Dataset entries

---+---

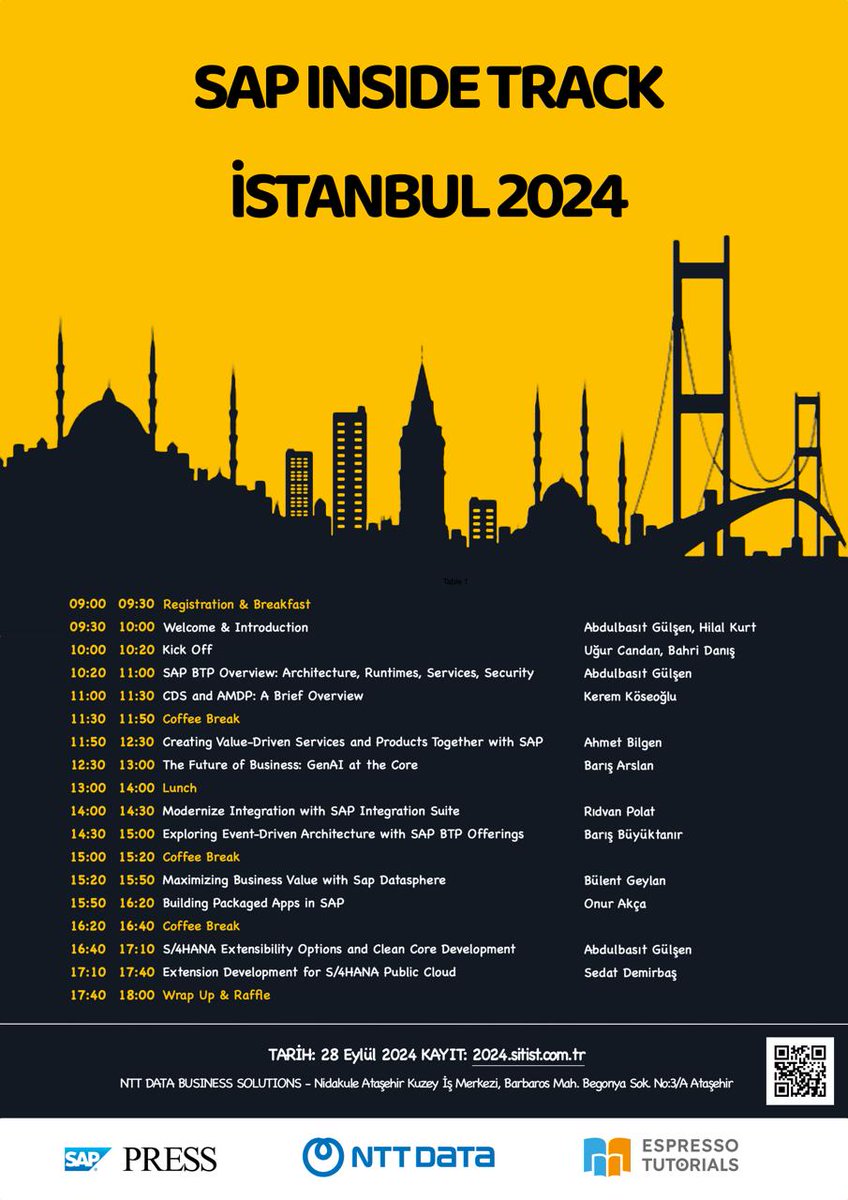 🎉 SAP Inside Track 2024 agenda is ready and registration opens on Monday, September 2nd! 09:00am 🎉

Join us to connect, share knowledge, and dive into technical discussions in the  <a href="/SAPCommunity/">SAP Community</a> . Limited spots, free, and open to everyone!

#SITIST <a href="/SAPInsideTrack/">SAPInsideTrack</a>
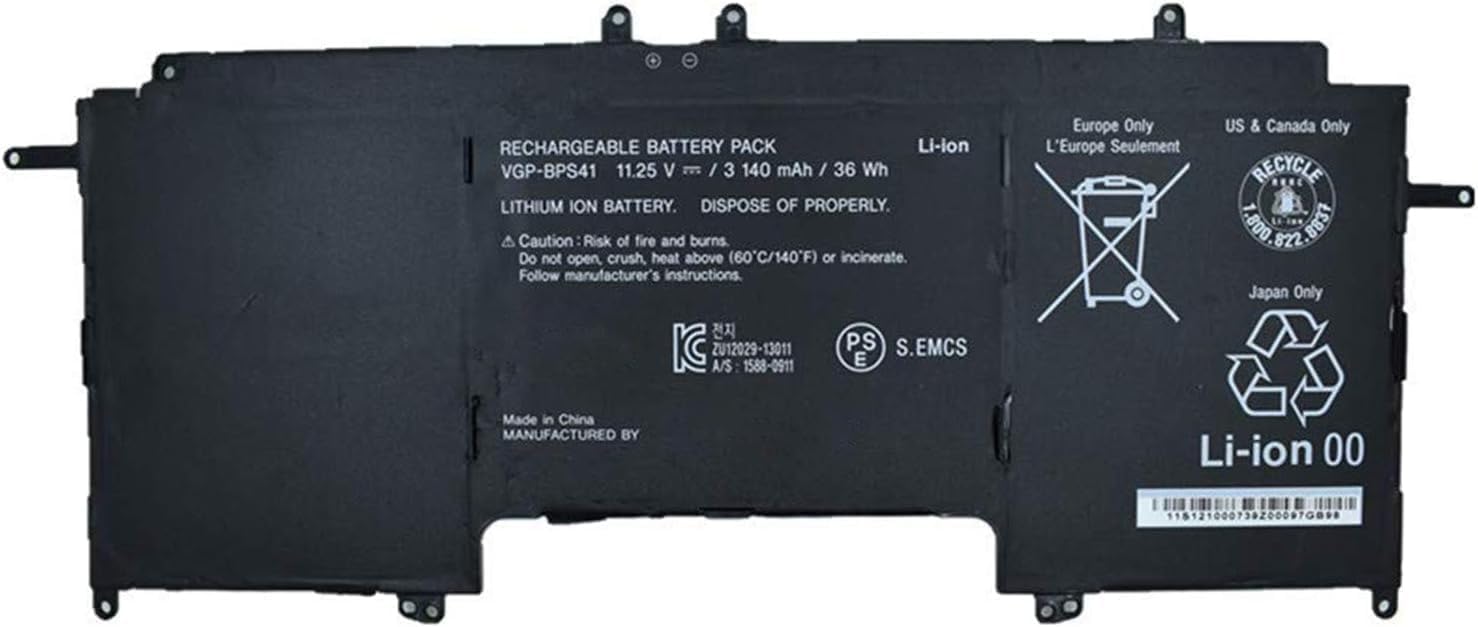 VGP-BPS41 BPS41 Replacement Laptop Battery for Sony Vaio Flip 13 SVF13N SVF13N13CXB SVF13N18SCB SVF13N17SCB SVF13NA1PT(11.25V 36wh)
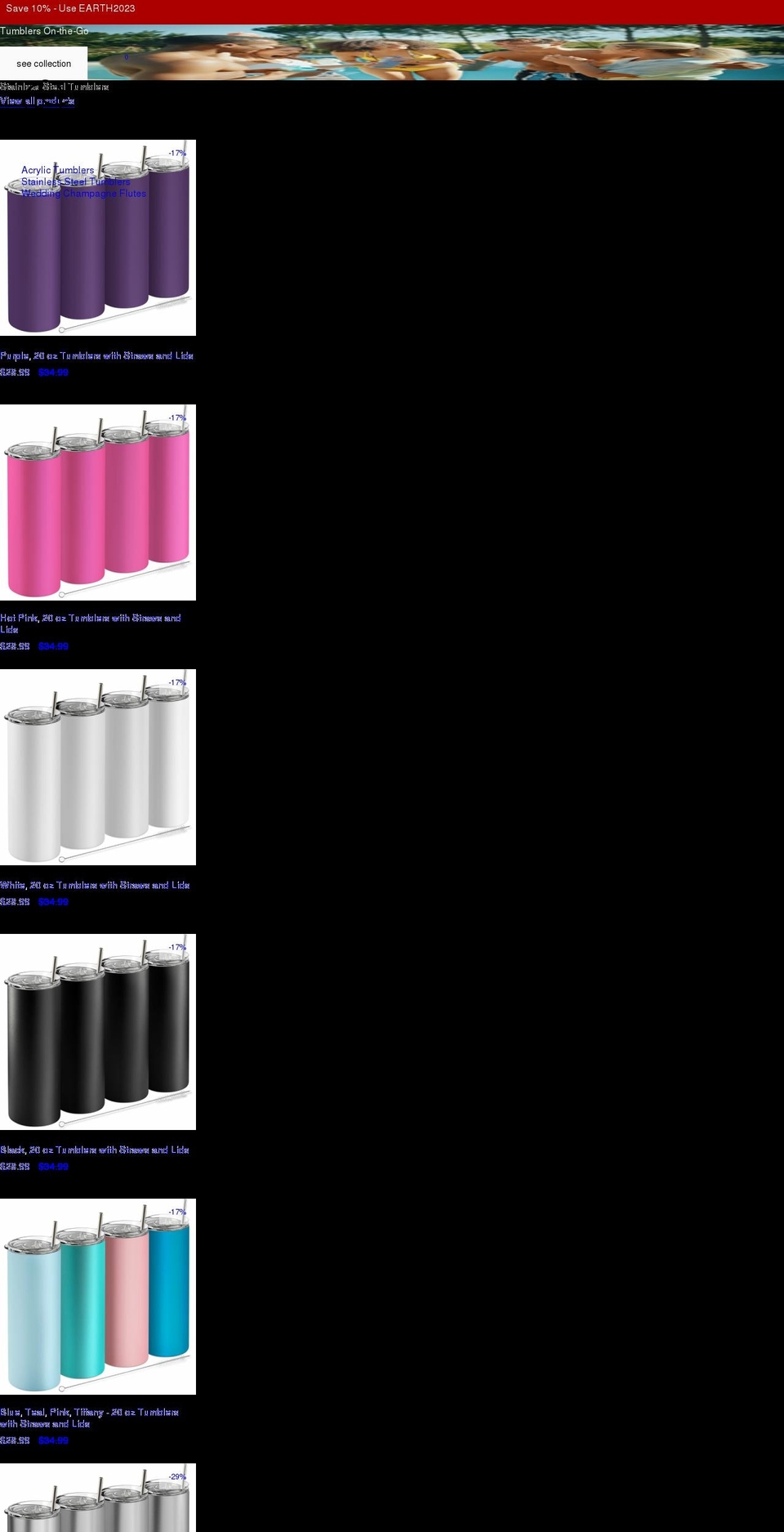 earthdrinkware.com shopify website screenshot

---+---

• Task to carry out
Copy out exactly the lines between the line containing "VGP-BPS41 BPS41 Replacement" and the end of the entries, including both, and leave the pictures behind.

• Expected output
 VGP-BPS41 BPS41 Replacement Laptop Battery for Sony Vaio Flip 13 SVF13N SVF13N13CXB SVF13N18SCB SVF13N17SCB SVF13NA1PT(11.25V 36wh)
 earthdrinkware.com shopify website screenshot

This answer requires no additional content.